Now, I am completely sick of the “are games art?” discussion. Like I have said in the past, it doesn’t fucking matter to me, no matter what old-assed movie critics say. Likewise, I don’t really give a shit what some failed movie student says. I’m really getting sick of movie folks trying to justify how awesome they are by bagging on games because they are embarrassed by porn and Transformers.
That being said, the thing that prompted me to respond to this post was the statement that old games don’t have relevance because they are dependent on technology, and because of that, games aren’t art.
First off, fuck you. This is complete bullshit. Yes, Tennis for Two is outdated. So is Birth of a Nation. Would the average person want to sit down and experience either? No. Comparing Ikari Warriors to Citizen Kane is stupid and unfair. Citizen Kane came out over one-hundred years after the equivelant of Tennis for Two, the modern Zoetrope. Have you sat and absorbed the "art" of a Zoetrope movie lately? I bet not. You even mention Half Life 2 in your article stating that technological advances have not reduced the impact of the game, thus undercutting your whole stupid article. Just because an art form is an art form doesn't mean people will make good art. Again, go watch Transformers, or maybe Avatar.
A great amount of vitriol is reserved for Ikari Warriors in this article, based on the fact that the author received a PS3 version and “had a lot of trouble taking it seriously.” Well, since I have an original Ikari Warriors cabinet in my garage, alongside my Galaga, Bad Dudes, and T2 cabs, I think I can speak to that, especially since as a fan of the Ikari Warriors arcade I am one of the fools who purchased the disastrous PC port.
Ikari Warriors on the PS3 is not the original creator’s format. It is intended to be experienced on the arcade by people with quarters. Come to my house and play it in my garage, and bring some money. I promise that the experience will be different that playing the port on your PS3. How do I know this? I love Galaga on an arcade cab. And I hate it on the Xbox 360. On the 360, the controls don’t work well, and I find myself driving towards the achievements in the game rather than experiencing the game or trying to get a high score. Ikari Warriors PC had the same effect. Functionally it was the same. But the medium affected the experience.
The author brings up current cave paintings as an example of “art is art” and because they are paintings, everyone appreciates them. Well, let’s do an experiment. Let’s take the Sistine Chapel, whitewash it, and replace the images with stretched out replications of cave paintings. Then you can walk into the chapel, and appreciate the “art” that are cave paintings. Based on your logic, I’m sure the experience will be the same….right?
Again, I don’t care what is considered “art.” This may taint my views. I never watched Citizen Kane in my formative years. I was much more influenced by Stratego and Battletech, and later Starflight and Wasteland than Gone with The Wind.
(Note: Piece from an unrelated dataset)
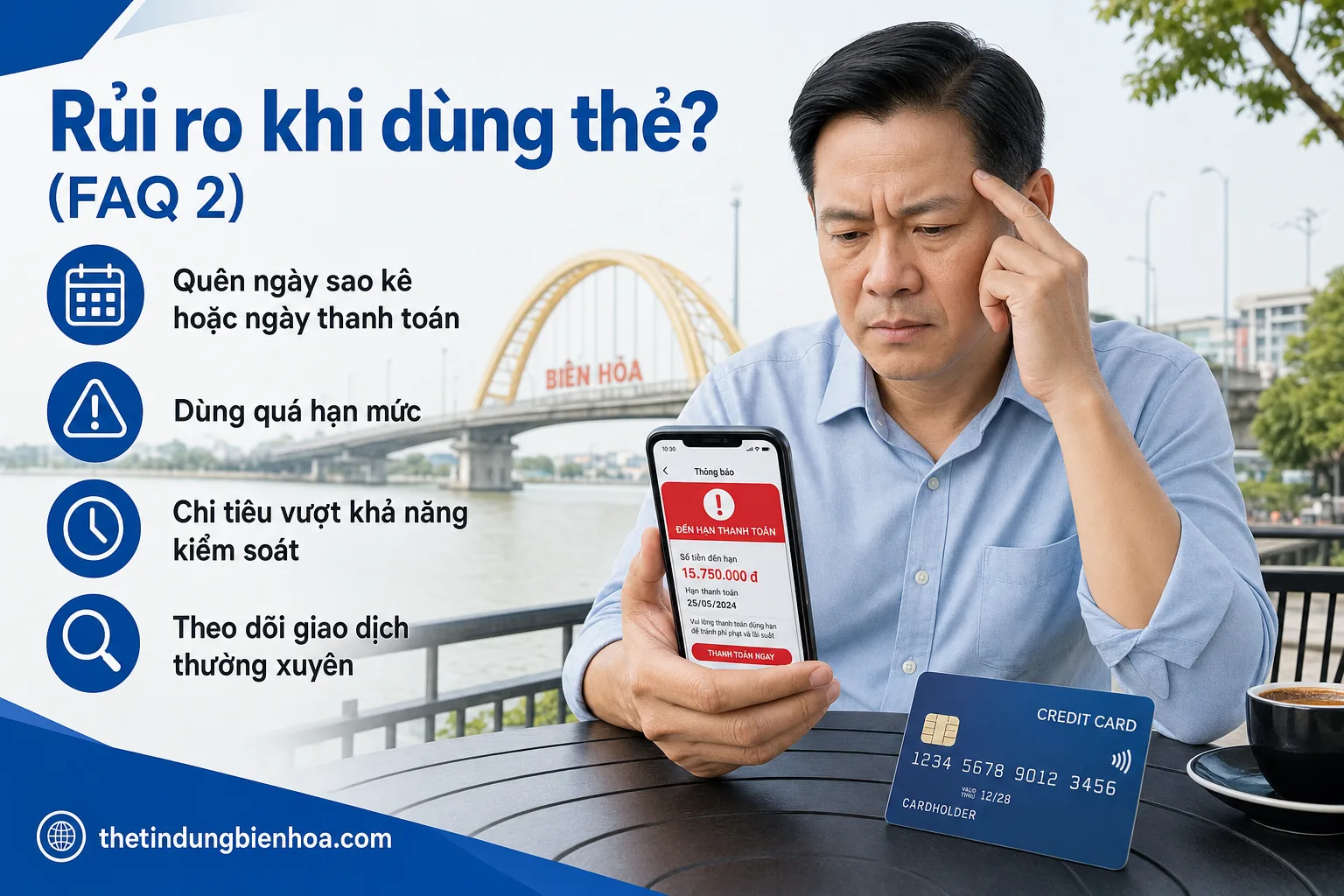 Nhân viên tư vấn giải đáp thắc mắc về thẻ tín dụng Biên Hòa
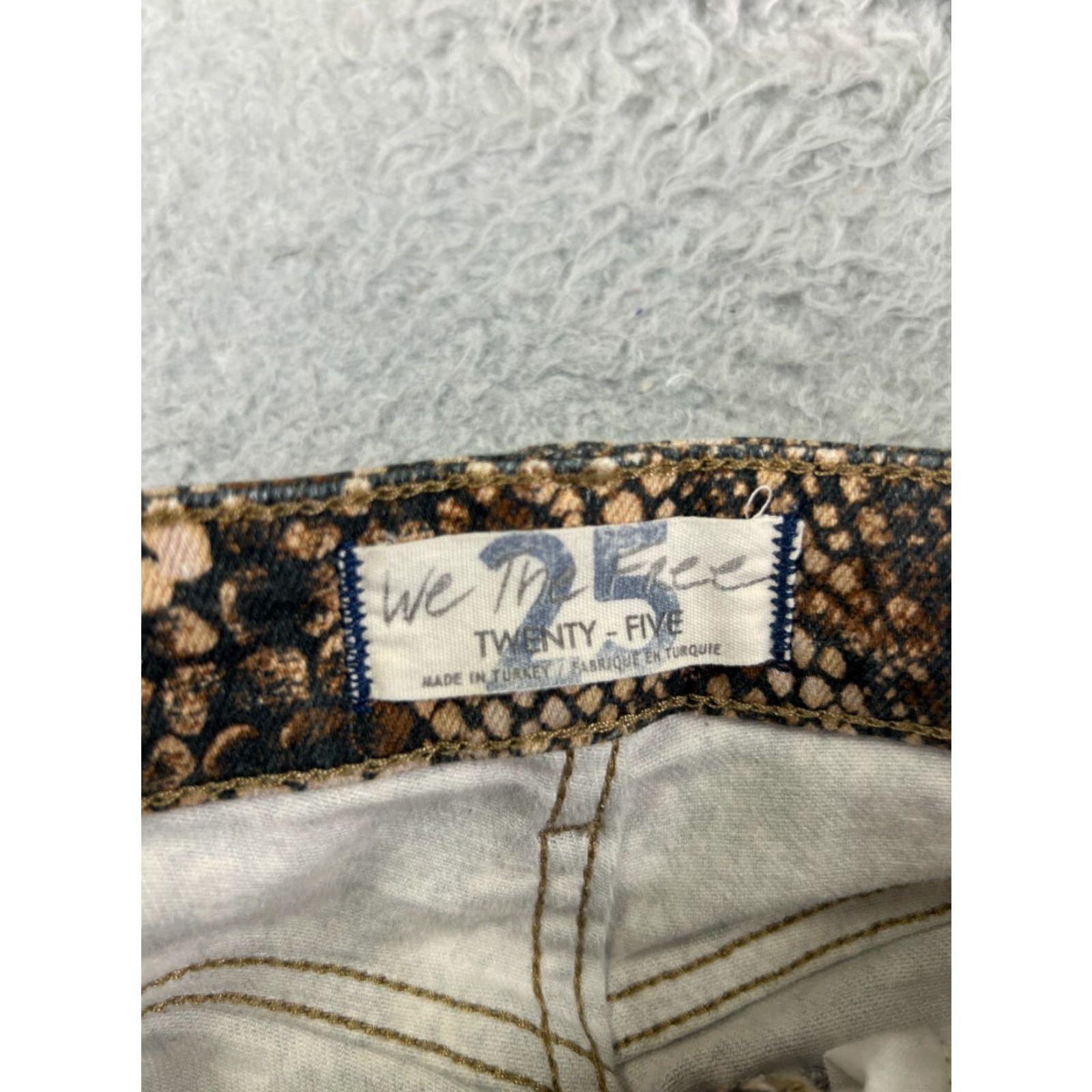 Vintage We The Free Jeans Womens 25 Beige Snake Skin Print Skinny Raw Hem Cotton 22x25 Size 42" / US 20 - 6 Thumbnail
Does any of that affect which is considered art? Is a Battletech novel art but a Mechwarrior video game not? Does it matter?
In all, it comes down to entertainment. I like to be entertained, whether it’s from something that I can immerse myself in or something that makes me think, or a device that expells lead at supersonic speeds (and that's a whole 'nother discussion). If you want to sit around and feel superior because you don’t appreciate or like something, I guess that makes you an expert and me just a consumer (or a designer). But if I have one of my rare free hours and I can choose between partnering up with my Ikari partner, rescuing Ronnie from Ninjas, or enjoying Shia Labeouf’s latest masterpiece, I know that I’ll be on the joystick instead of the remote. Enjoy your art.